Here are all the parts laid-out:
- 1800mAh 3S 11.1V LiPo RC plane battery. I already possess a few of these so I didn't pay anything, but a new one is around $12.50 at the moment.
- Flexible electrical wire. I chose 14 AWG just because I had some already and it matches the battery's wire, though I don't actually need that gauge, not at the discharge rates we'll be dealing with. I probably used about $0.50 worth of wire, at a guess.
- A car cigarette lighter socket. Cost: $1.50.
- A male Deans connector. I use Deans connectors for all my RC batteries so I just need a male plug to connect to the battery. The real thing comes in packs of two for about $3.50, but you can also find bulk packs of cheap knock-offs for much less.
- A car cellphone charger. This one cost me $5.80, a real bargain!
- Heat-shrink tubing. I'm not even going to bother pricing this one, for the amount I used it's less than a cent.
Total cost, somewhere in the region of $10, plus $12.50 for a new battery.
Here's how it all goes together, step by step.

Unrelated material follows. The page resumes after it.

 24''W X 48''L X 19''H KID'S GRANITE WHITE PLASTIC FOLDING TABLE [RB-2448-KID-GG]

Step 1: Solder the two wires to the terminals of the socket. The positive terminal is the centre pin, while the negative is the outer wall. Following convention, I used red for positive and black for negative. I'm not brilliant at soldering, but it does the job.
Step 2: Tie a knot in the wires and slip the end cap on. The knot is there so that if the wire is pulled too roughly it won't damage the solder joints.

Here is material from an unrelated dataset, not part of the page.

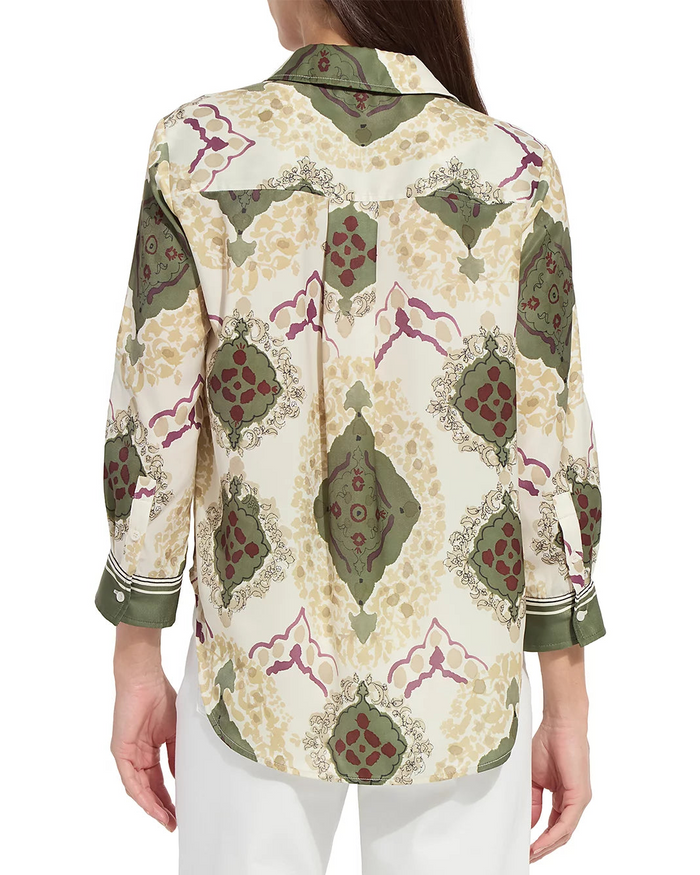 Lysse Ishani Roll Tab Printed Shirt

Step 3: Screw the end cap onto the socket, and then use some heat-shrink tubing to protect the place where the wires come out.

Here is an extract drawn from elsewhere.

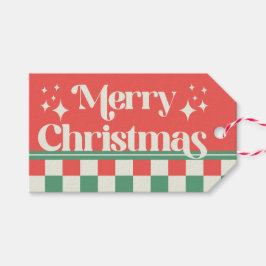 Etiqueta Para Presente Retro Pink and Green Christmas Check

Step 4: Cut the wire to a sensible length - I chose around six inches - and then solder the Deans connector to the other end.
Note: don't forget to slide your heat-shrink tubing onto the wires BEFORE you do this, otherwise you'll have to desolder them and do the whole thing again and feel like an idiot. I speak from experience ;-)
Using a hairdryer to shrink the tubing onto the solder joints:
And that's pretty much all there is to it! Here's the whole thing connected-together and charging my phone. I switched-off the flash for this shot so you can see the pretty blue glow from the charger:
A close-up on the phone screen, to show it's really charging:
And that's how I spent my evening.
Going further, I have a
low-voltage alarm on its way to me from somewhere in China, which attaches to that spare white connecter dangling from the battery. The reason for this is that LiPo batteries really hate being discharged all the way, it pretty much just bricks them, so you always want to leave some charge in them even when they're "empty". I'll program the alarm with a safe minimum voltage and it buzzes when the battery gets down to that point, reminding me to disconnect. It also has a cute LED readout to display the current voltage so I can see at a glance how it's going.
The batteries I use are 1800mAh, which is a measure of how much charge they store. If I want to carry more weight and spend more money I can go up to larger batteries, 5000mAh and beyond. But I prefer these because their main use is flying planes where weight is important.
My phone has a 2100mAh internal battery but that's only 3.7V, so because the RC plane battery is 3 times the voltage it's actually equivalent to about 5400mAh at 3.7V, or another 2.5 full charges. As I already stated I can't use all of that power, some needs to remain in the battery to avoid damage. I don't yet know how much that will be, so I'm going to have to wait until I have the alarm to know how much charge I can get out of it.
My colleague Ken
who knows far more than I do about phone chargers, has suggested that this kind of switching power supply is about 80% efficient at converting electricity from 12V down to the 5V the phone needs, and so I expect I'll actually see about 1 to 1.5 full phone charges from a single fully-charged RC plane battery, which ought to give me up to about 6 hours' autonomy in Ingress before I have to go home to recharge, or about 9 hours if I carry two batteries with me.
Of course, my family might have something rude to say about it if I decide to spend all day out playing video games...